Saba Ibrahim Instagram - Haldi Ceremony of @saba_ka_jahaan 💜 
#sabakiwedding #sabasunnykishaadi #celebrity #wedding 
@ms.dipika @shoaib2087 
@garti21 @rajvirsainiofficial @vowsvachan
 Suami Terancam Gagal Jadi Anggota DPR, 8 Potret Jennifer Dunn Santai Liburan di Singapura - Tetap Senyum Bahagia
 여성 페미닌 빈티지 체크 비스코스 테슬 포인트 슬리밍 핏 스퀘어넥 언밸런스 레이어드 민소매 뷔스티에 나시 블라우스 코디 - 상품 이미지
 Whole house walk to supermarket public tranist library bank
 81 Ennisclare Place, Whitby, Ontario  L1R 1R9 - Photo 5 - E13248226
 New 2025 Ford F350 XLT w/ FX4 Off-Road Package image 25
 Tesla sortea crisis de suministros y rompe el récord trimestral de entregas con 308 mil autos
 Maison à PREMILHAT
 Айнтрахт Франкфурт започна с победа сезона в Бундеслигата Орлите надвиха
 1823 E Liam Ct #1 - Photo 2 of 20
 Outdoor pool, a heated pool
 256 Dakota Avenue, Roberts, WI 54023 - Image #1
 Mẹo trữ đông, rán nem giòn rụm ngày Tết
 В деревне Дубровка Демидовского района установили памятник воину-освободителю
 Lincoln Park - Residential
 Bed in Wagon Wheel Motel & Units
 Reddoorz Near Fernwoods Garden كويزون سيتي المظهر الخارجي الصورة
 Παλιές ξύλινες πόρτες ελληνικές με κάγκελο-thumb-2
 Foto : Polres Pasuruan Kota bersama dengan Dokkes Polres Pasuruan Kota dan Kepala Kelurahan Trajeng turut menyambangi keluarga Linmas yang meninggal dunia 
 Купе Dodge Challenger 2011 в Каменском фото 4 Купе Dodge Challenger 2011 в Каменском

> [WHAT TO WORK ON]: Working from the material above, retype exactly the lines from the one with "Айнтрахт Франкфурт започна" through the one with "Bed in Wagon Wheel Motel & Units", both included, and only those lines.

> [WRITTEN ANSWER]:
 Айнтрахт Франкфурт започна с победа сезона в Бундеслигата Орлите надвиха
 1823 E Liam Ct #1 - Photo 2 of 20
 Outdoor pool, a heated pool
 256 Dakota Avenue, Roberts, WI 54023 - Image #1
 Mẹo trữ đông, rán nem giòn rụm ngày Tết
 В деревне Дубровка Демидовского района установили памятник воину-освободителю
 Lincoln Park - Residential
 Bed in Wagon Wheel Motel & Units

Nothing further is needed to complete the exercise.